Allyn’s field observations are essential to the forecast’s mix, and last week he took a routine trip to the backcountry near Crystal Mountain ski resort. Responsible for the central and southern Cascades, including Snoqualmie Pass, Mt. Rainier, and White Pass, some reports of skier-triggered avalanches — with no burials — had piqued his interest to check out conditions firsthand.

The bumper-to-bumper headlights on I-5 North soon melded into the strip mall detritus of Auburn, which gave way to Enumclaw horse country. Outside of Greenwater, the rain turned to light snow and blanketed the evergreens with a white sheen.

“I’m pretty tired right now, to be honest,” Allyn, who has the taciturn nature of someone who spends a lot of solitary time in the mountains, admitted on the way. “The last month has been quite busy and we’ve had a lot of near-misses and a number of avalanche fatalities. The combination of physical, mental and emotional fatigue is definitely setting in.”

Allyn saws down the snow in a test pit to check for stability.
Jeremy Allyn saws down the snow in a test pit to check for stability.

Allyn had attended a celebration of life for Suokko the day before and another for his girlfriend’s co-worker, who perished in the Methow Valley slide, a few weeks earlier. After the heavy load this season, the avalanche center is looking to put a trauma and grief counselor on retainer for future incidents.

But there was still a job to do, and Allyn was on the trail using alpine touring skis with climbing skins even before Crystal’s lifts began operating for the day. Over the course of four hours, Allyn explored the weekend’s avalanches in Bullion Basin, where two crowns, the clearly visible line left on the snow when a slope slides, stood out with ski tracks running above and below.

Equipped with a pack stocked with avalanche observation gear, Allyn picked two spots to dig four-feet deep pits. Allyn has the lean build one would expect from someone who climbs mountains for a living, and he had the pit dug and shaved to a clean surface in minutes — one suspects he’d be handy to dig out a buried car — revealing a snow profile like a sedimentary rock or tree-ring growth: a cross-section that reveals change over time.

Thin lines running horizontally indicated rain storms over the last few months of winter weather that were buried in the snowpack. On the surface, skiers might know these as rain crusts that make for bad skiing. Once buried, these so-called “weak layers” might not hold when skiers or a snowmobile glide on top of them, causing the entire snowpack above to slide.

In 30 years of mountain travel, Allyn has never been caught in an avalanche that buried him — setting off small, controlled avalanches is sometimes part of the job — though he says he did help rescue a guiding client once in British Columbia’s Valhalla Mountains.
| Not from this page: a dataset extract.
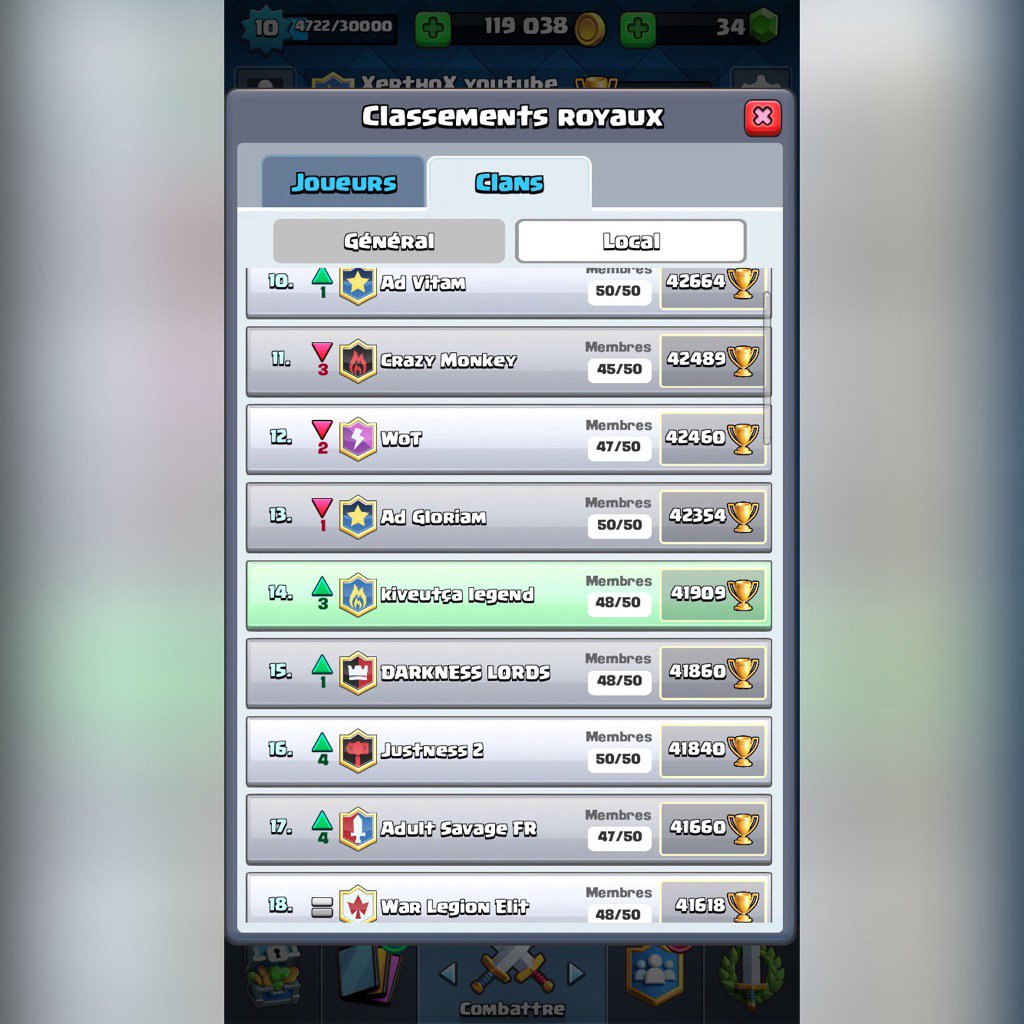Meja_92's tweet photo. @KiveutcaCR @bast_cr 14ème Fr 💪 https://t.co/rSroEpKsc4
Using the shovel to tap the snow and see its reaction to pressure, it took three tries and maximum force to get a foot-deep cube of snow to slide off the most recent rain crust — a good sign the fresh powder was bonding well to the snowpack beneath it, at least at this elevation and aspect.

Different snowfalls can be identified in the snowpack like slices in a layer cake.
Different snowfalls can be identified in the snowpack, like slices in a layer cake.

The day’s field work completed, Allyn transitioned into downhill mode and zipped down the face of Blue Bell Knoll, a slope already laced with s-marks from the weekend’s backcountry ski crowd — the kind that depend on NWAC’s forecasts to make decisions about how to balance avalanche risk with good-quality skiing.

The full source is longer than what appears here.